Heat energy from man-made global warming is being absorbed faster and deeper into the depths of the world's oceans than previously calculated, a study released Monday shows.

It has long been acknowledged by the scientific community that more than 90 percent of the heat energy from burning fossil fuels goes into the world's oceans rather than the ground or atmosphere, and that ocean temperatures have gone up in recent years. But a new study culled data from the 1870s British research ship Challenger's archives, and from modern underwater monitors and computer models to create a timeline for just how much man-made heat has been buried in the oceans over the last 150 years.

The researchers found that the sea absorbed the same amount of heat from the start of the Industrial Revolution in 1865 to 1997 as it did between 1998 and 2015. The actual amount of heat energy absorbed was 150 zettajoules over the course of 132 years, and 150 zettajoules over the next 18. A zettajoule is a practically incomprehensible amount of energy. Exploding one atomic bomb the size of the one that dropped on Hiroshima every second for a year would release a total of just 2 zettajoules.

Since 1997, Earth's oceans have absorbed man-made heat energy equivalent to a Hiroshima-style bomb being exploded every second for 75 straight years, the Associated Press reports.

"The changes we're talking about, they are really, really big numbers," said study co-author Paul Durack, an oceanographer at the Lawrence Livermore National Lab in California, in an interview with the AP. "They are nonhuman numbers."

"After 2000 in particular the rate of change is really starting to ramp up," Mr.
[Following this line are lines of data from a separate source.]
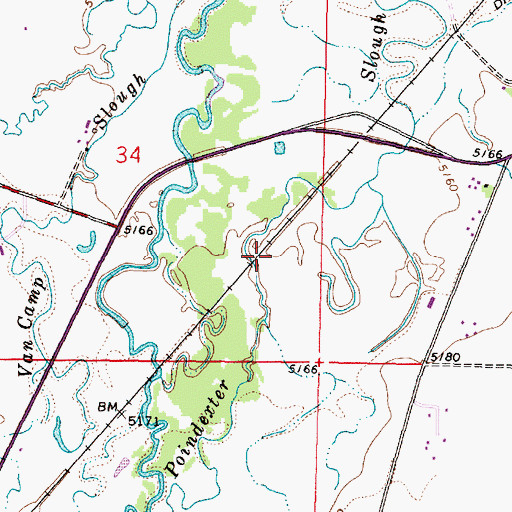 Topographic Map of Glendale (historical), MT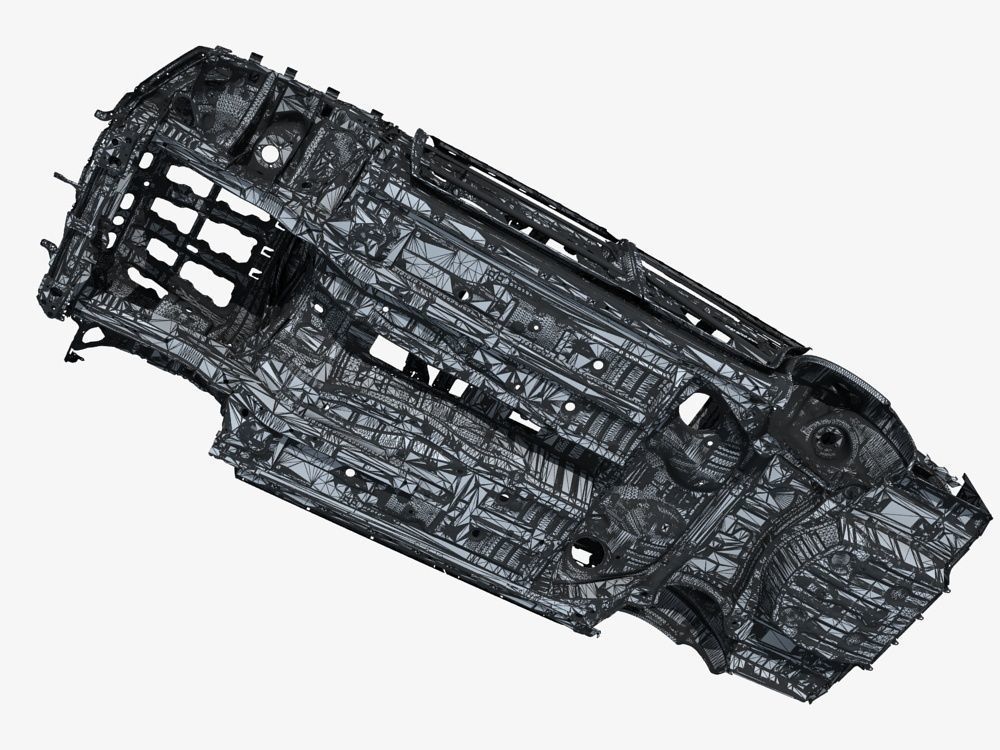 Car Frame 01 3D model_18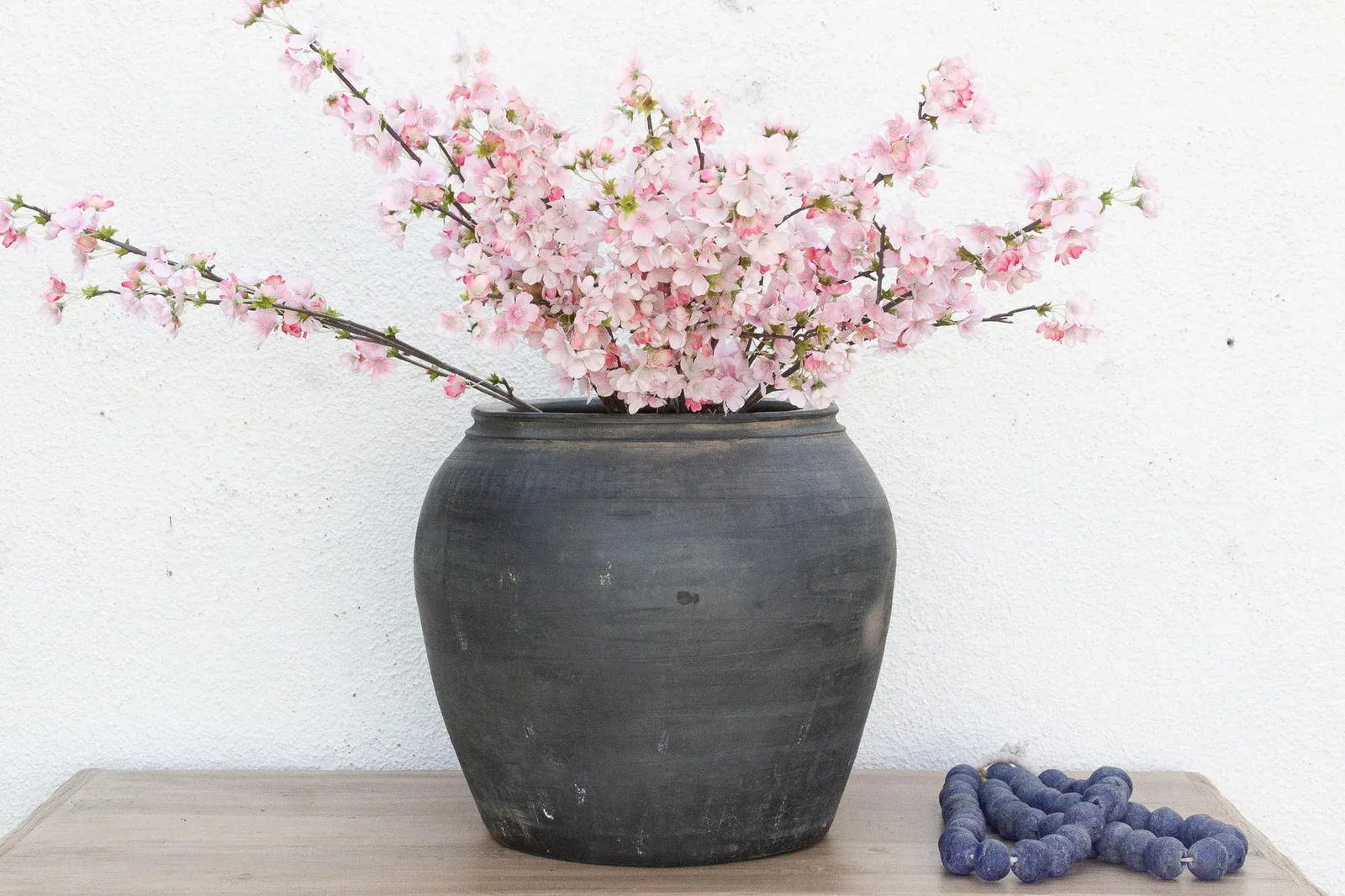 Obsidian Patina Clay Pot - 2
Durack said.

Because the research team used computer models to fill in gaps where there are decades of bad data, the overall figures are "rough" but still reliable, according to the study's authors. But both the authors and outside experts say it's not the data that bothers them, it's the rate at which the numbers are increasing.
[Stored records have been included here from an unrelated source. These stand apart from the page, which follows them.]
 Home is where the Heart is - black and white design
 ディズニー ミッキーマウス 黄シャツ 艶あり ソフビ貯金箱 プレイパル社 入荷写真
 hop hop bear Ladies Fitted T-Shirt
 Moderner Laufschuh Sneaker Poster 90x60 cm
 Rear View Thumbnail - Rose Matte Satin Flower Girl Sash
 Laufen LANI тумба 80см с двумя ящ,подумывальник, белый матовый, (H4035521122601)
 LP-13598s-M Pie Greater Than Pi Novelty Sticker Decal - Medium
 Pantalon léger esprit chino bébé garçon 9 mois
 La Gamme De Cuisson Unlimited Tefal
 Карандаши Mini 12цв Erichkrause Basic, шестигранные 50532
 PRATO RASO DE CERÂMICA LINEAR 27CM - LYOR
“As the upper oceans have been warming over time, more and more of this heat is finding its way down into the deeper ocean, and our results indicate that the fractional amount of heat that is trapped in the deeper ocean is increasing as well,” said lead author Peter Gleckler, a climate scientist at Lawrence Livermore, in an interview with the Washington Post. 

“We find that the heat uptake of the global oceans has doubled since about 1997, compared to what took place prior to that over the industrial era. And that was a surprising result to us,” he added.

The immensity and relative chill of the world's oceans mean the absorption of even a few tenths of a degree of warming has serious consequences for Earth's energy balance, Gleckler and his colleagues said. When oceans bear the brunt of taking in man-made heat, it stops the surface from getting even warmer from the heat-trapping gases spewed by the burning of fossil fuels.

Over time however, as the oceans get warmer at depth they will take in less heat. This means warming stays in the air and on land surface, and the 90 percent absorption from the oceans starts to fall, said study co-author Chris Forest of Pennsylvania State University.

Jane Lubchenco,, a marine sciences professor at Oregon State University, and the former chief of the National Oceanic and Atmospheric Administration, said the findings "have potentially serious consequences for life in the oceans as well as for patterns of ocean circulation, storm tracks and storm intensity." 

The researchers published their findings Monday in the journal Nature Climate Change.

This report contains material from Reuters and the Associated Press.